アイコトバ

始まりの鐘



    〜YUA side〜


―ガチャ


あの後、何事もなくいつもどおり家に帰ってきた。否、いつも通りで違う何かを感じながら…

「ただいま」

返事などないと分かっていても、どこか期待して言ってしまう言葉。

(なんか、虚しいだけじゃん)


両親は結愛がまだ幼い頃、行方が分からなくなっていた。一人では広すぎる家と結愛だけを残して。

身内や兄弟のいない結愛は今まで一人で生きてきた。その影響もあり、人と関わることを嫌い、注意深く、心を開かなくなってしまった。

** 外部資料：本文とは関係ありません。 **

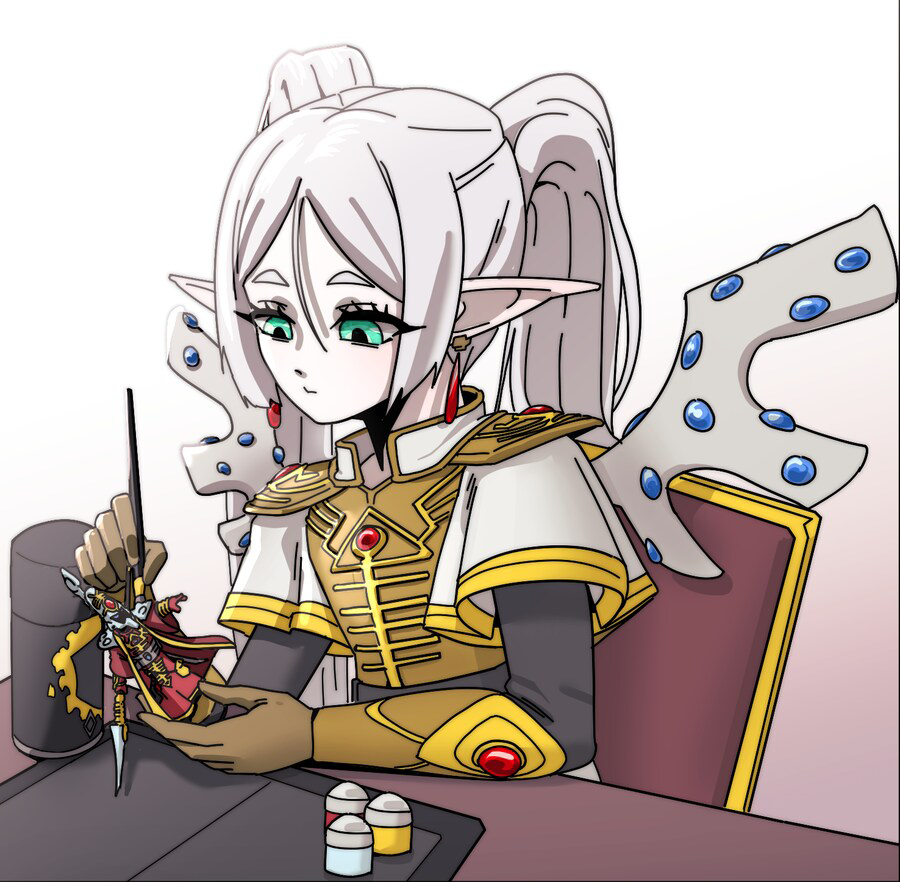1girl, chair, desk, earrings, eldar, elf, farseer, frieren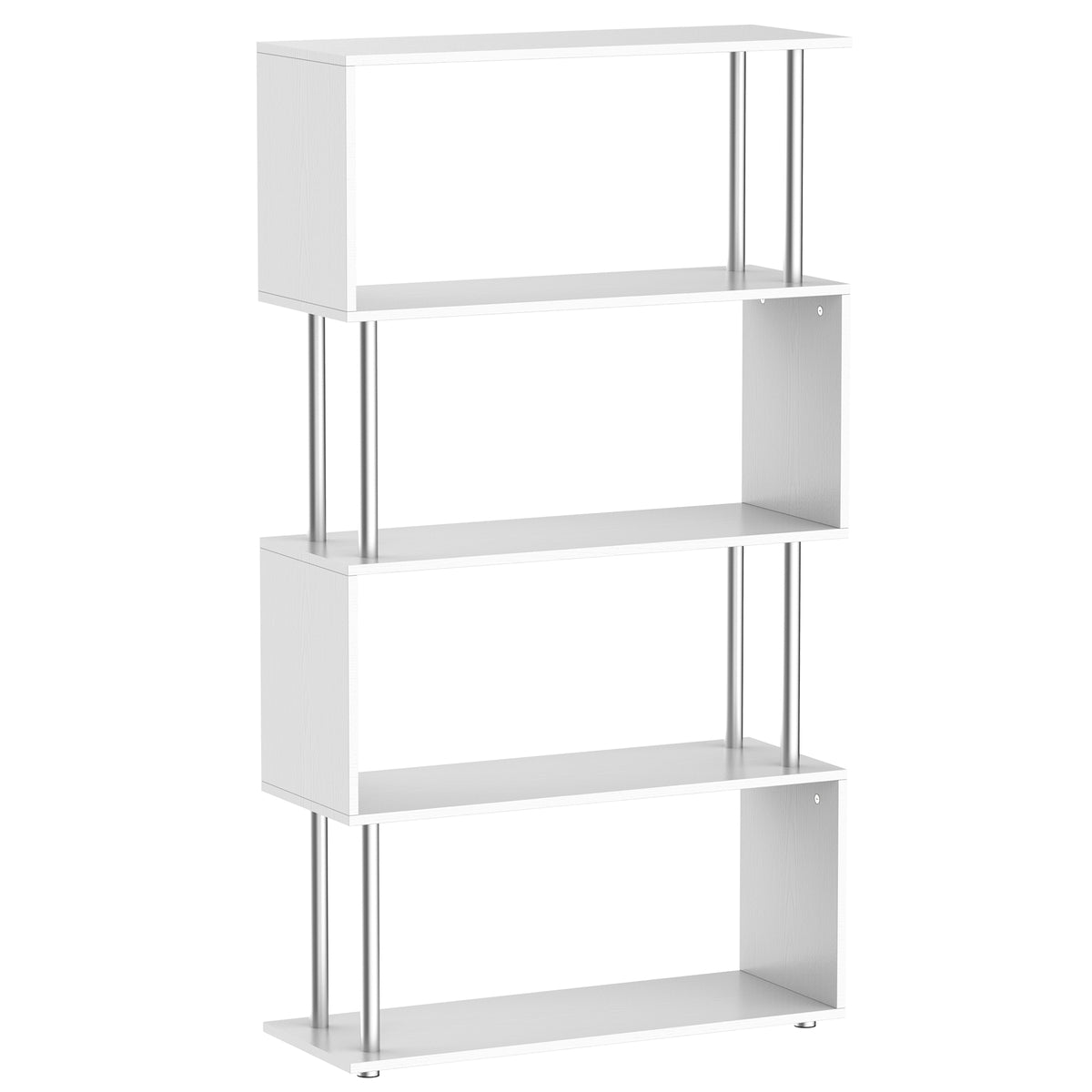 Estante de madeira 80x30x145cm Estante Prateleiras Livraria Branco — foto 1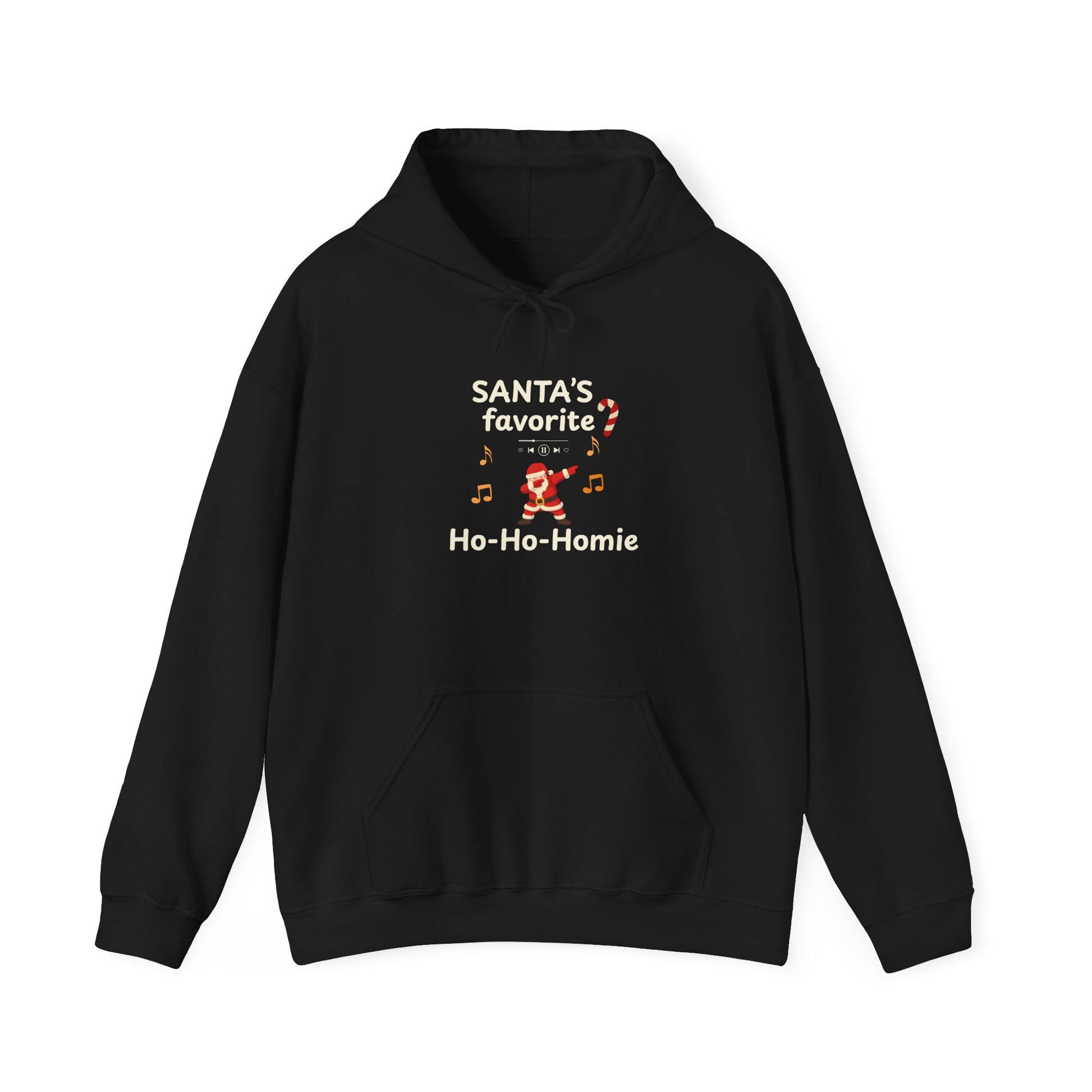 Black hoodie featuring the text 'Santa's Favorite Ho-Ho-Homie' and graphics on a white background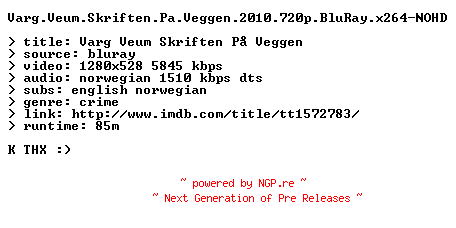 NFO for the release Varg.Veum.Skriften.Pa.Veggen.2010.720p.BluRay.x264-NOHD by NOHD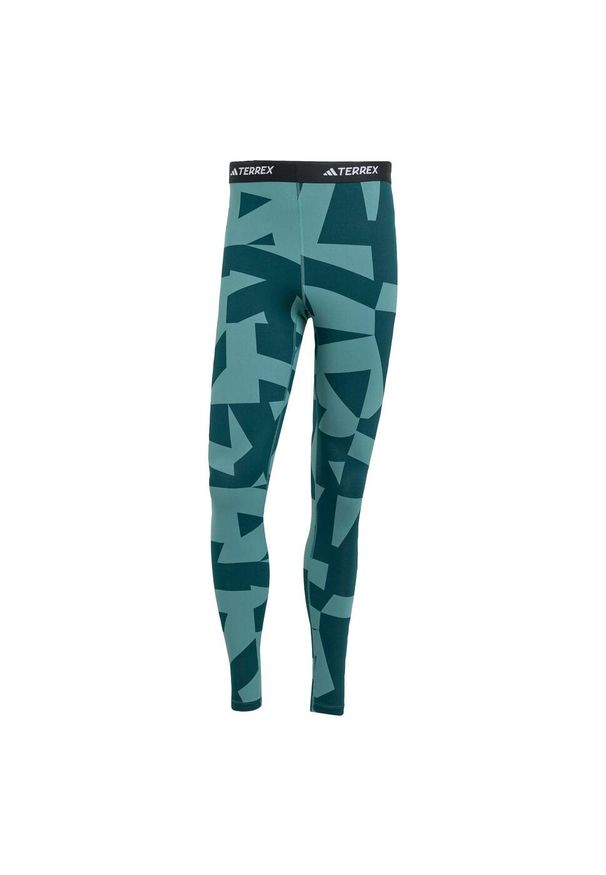Adidas - Legginsy bazowe Multi Synthetic Base Layer. Kolor: niebieski. Technologia: ClimaCool (Adidas). Sport: turystyka piesza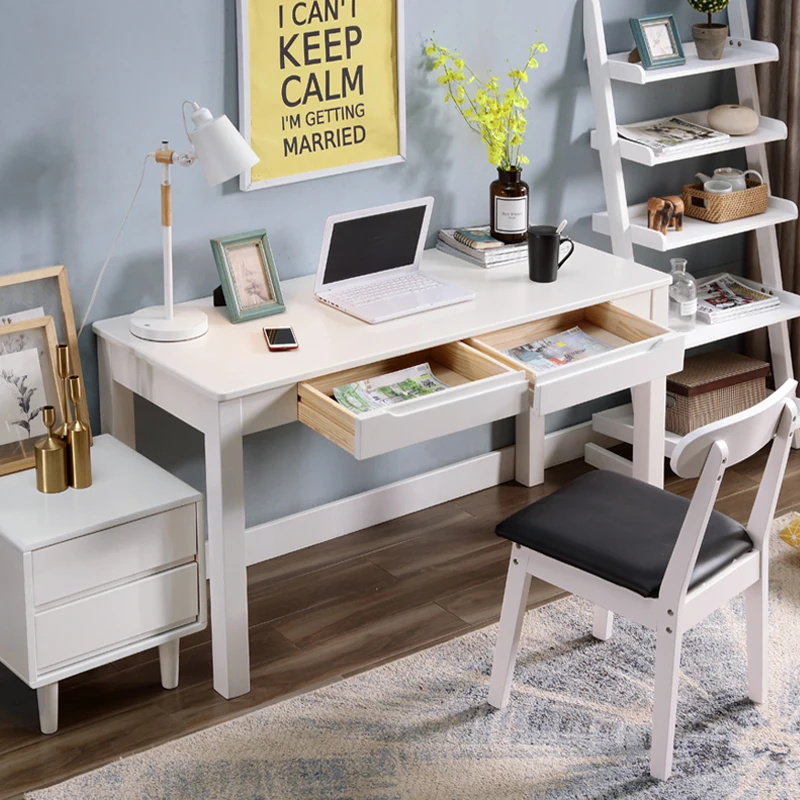 White Solid Wood Computer Table Simple Modern Desk Home Student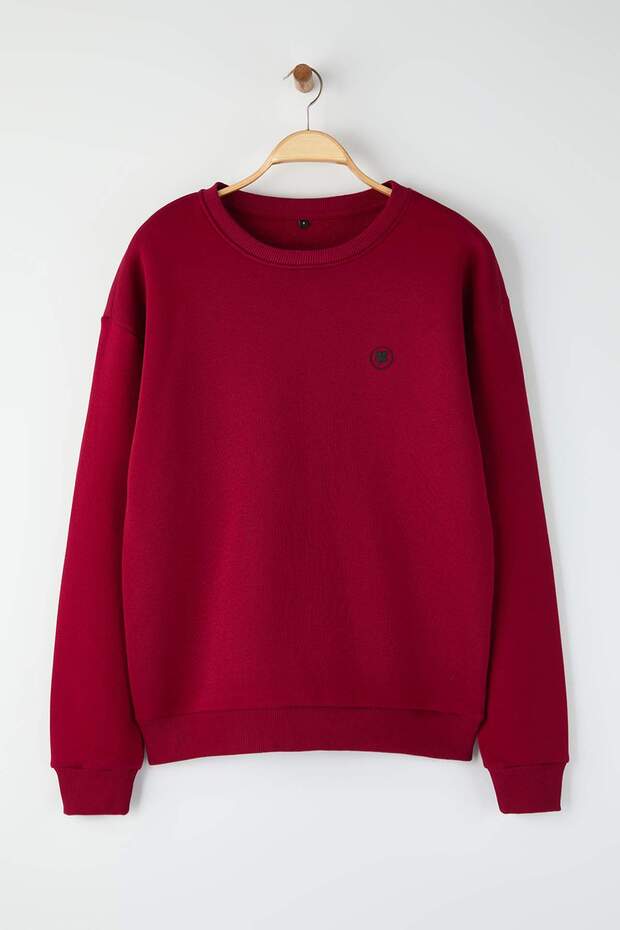 Kırmızı Yeni Oversize/Geniş Kesim Yonca Baskı Detaylı Kalın/İçi Polar Sweatshirt TMNAW26SW00024 - 5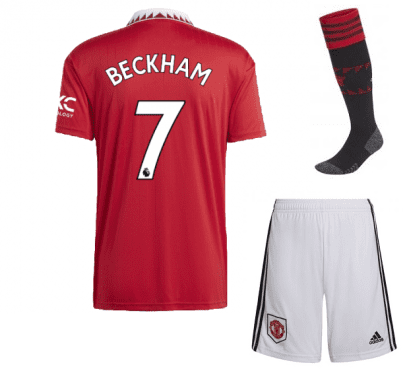 Детская форма Бекхэм 7 Манчестер Юнайтед 2023 года с гетрами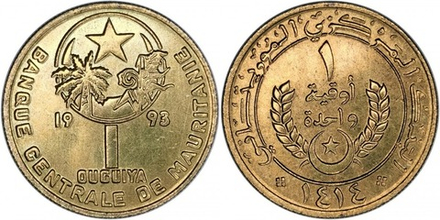 Мавритания 1 угия, 1974-2003 XF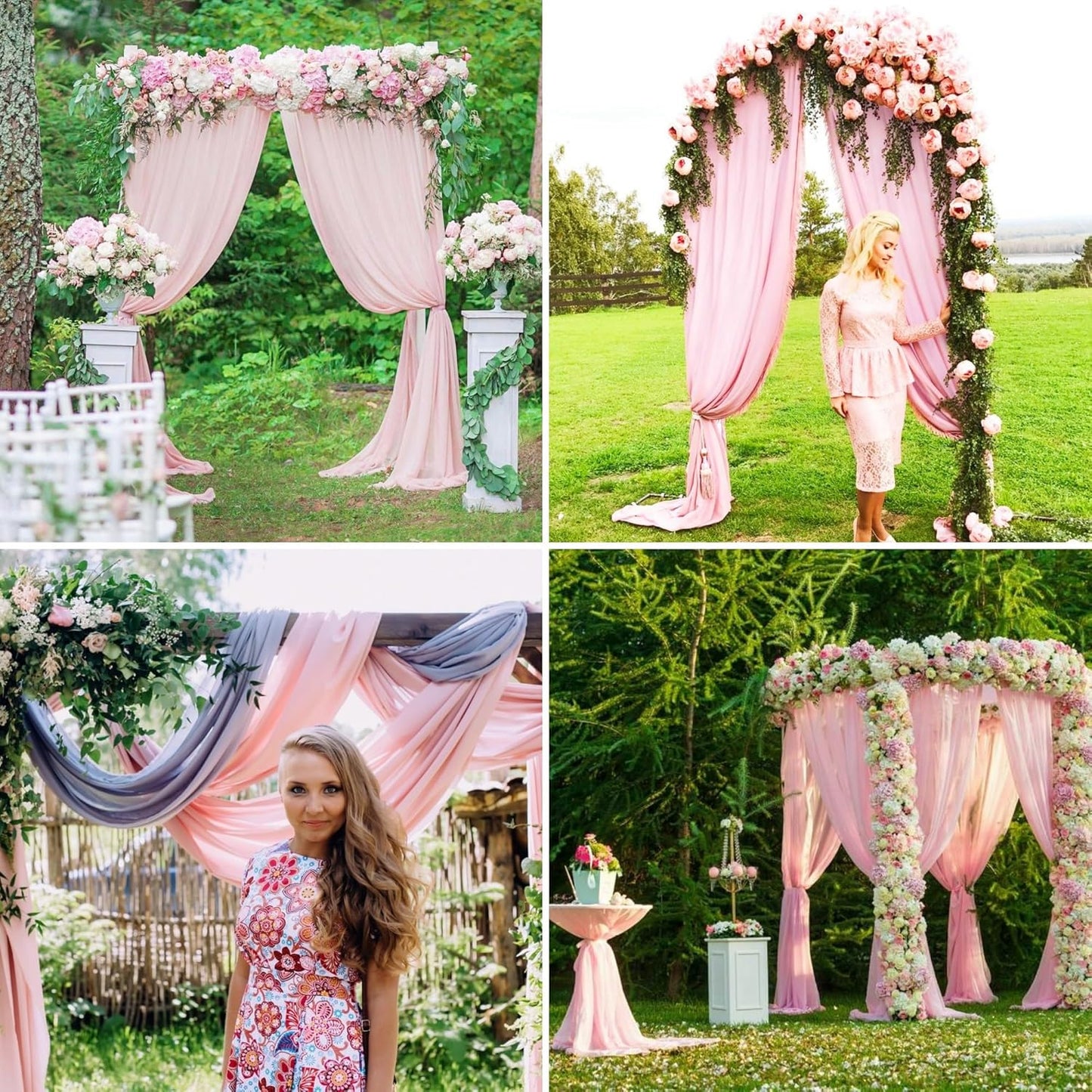6 Panels Pink Wedding Arch Drapery 28" x 20Ft Wedding Arch Draping Fabric Chiffon Fabric Drape Sheer Backdrop Curtain for Weddings Party Swag Ceremony Birthday Arbor Drapery Reception Ceiling Décor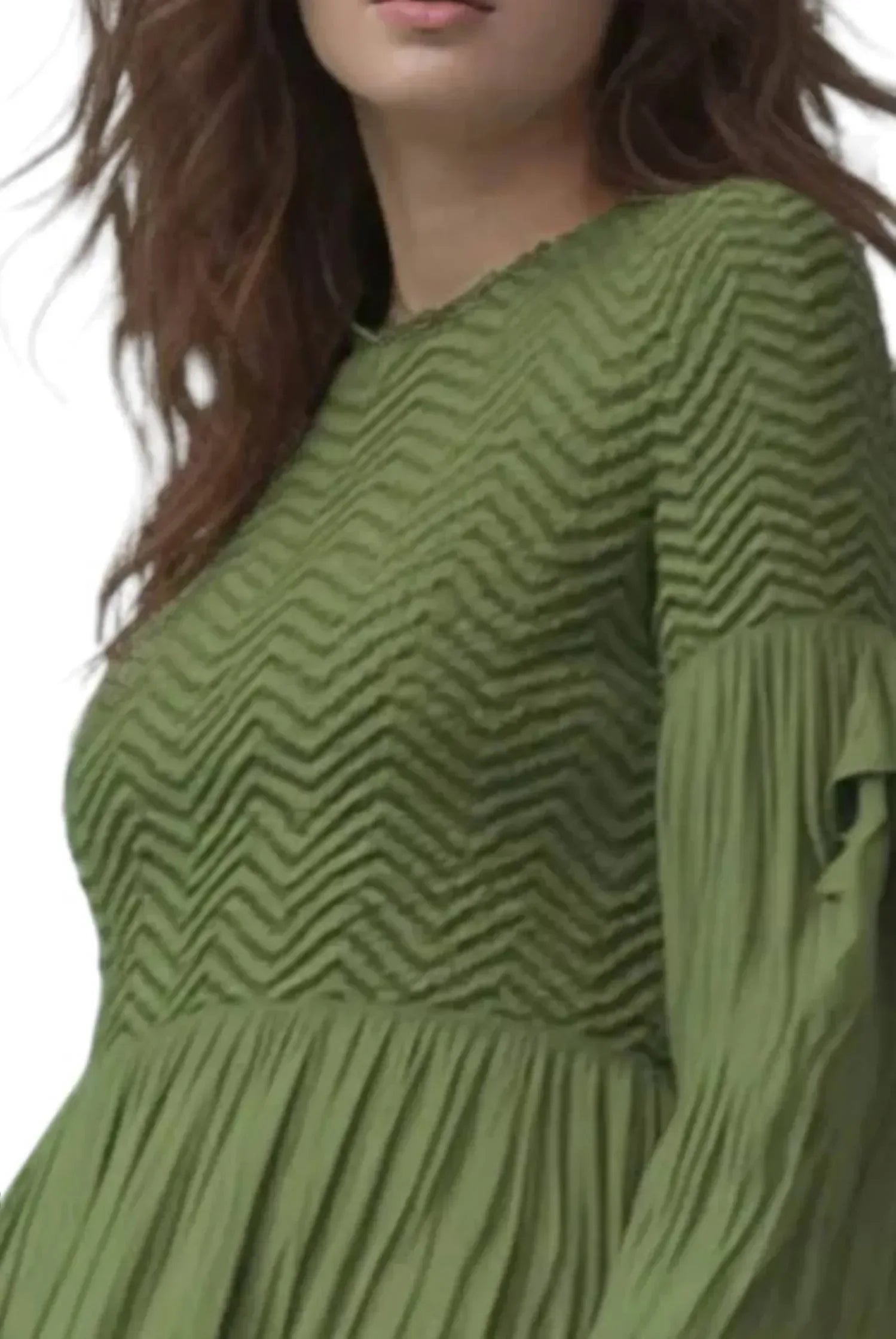 Ellyndale - Pleating Blouse Top With Tuck Sleeve - Rack Hunt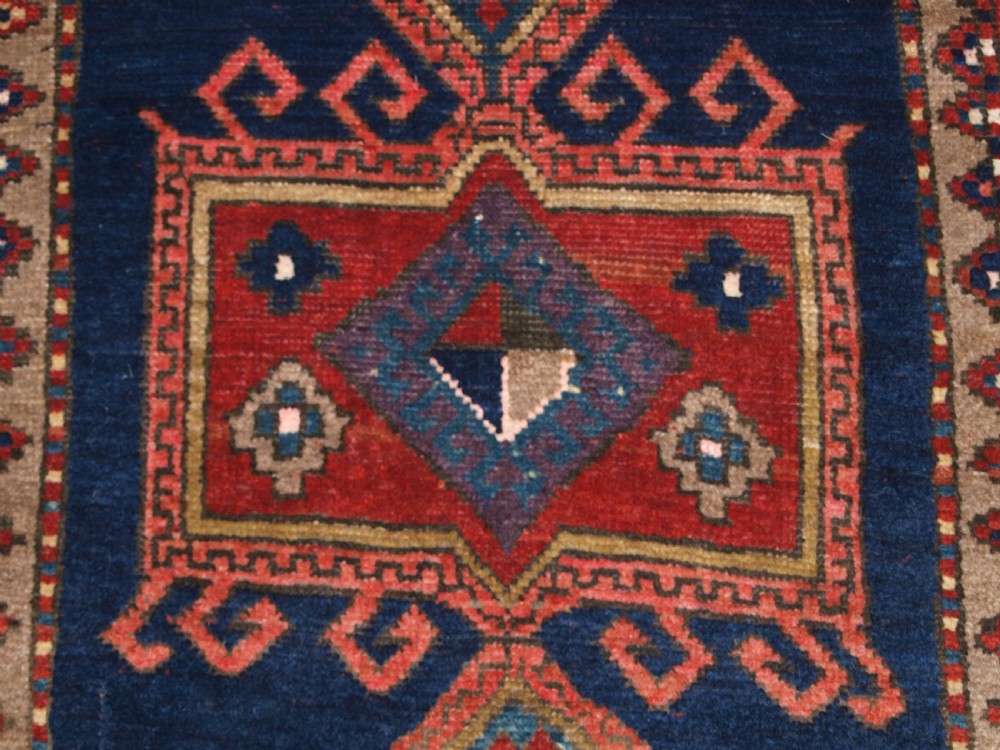 ANTIQUE CAUCASIAN KAZAK LONG RUG OR RUNNER, GREAT CONDITION AND COLOUR, LATE 19TH CENTURY. View X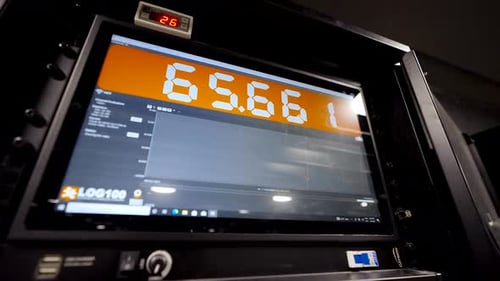 Data and Graph Displayed on Computer Screen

お風呂に入り、なにをするでもなく、ただベッドの上で仰向けになっていた。


――…ンリン

―カランカラン


えっ?

閉じていた目を開け、周りを見渡すがなにも変わったことはない。

なんの音?


―リンリン…カラン


不思議な音は鳴り止まない。


鈴の音?…下駄の音?


ハッ!!

誰か近づいてくる!!


次の瞬間、


―リンッ


バッ


結愛は飛び起き、身構える。


「やあ。結愛姫、お迎えにあがりました。」


と言って、ニコッとわらった黒髪男。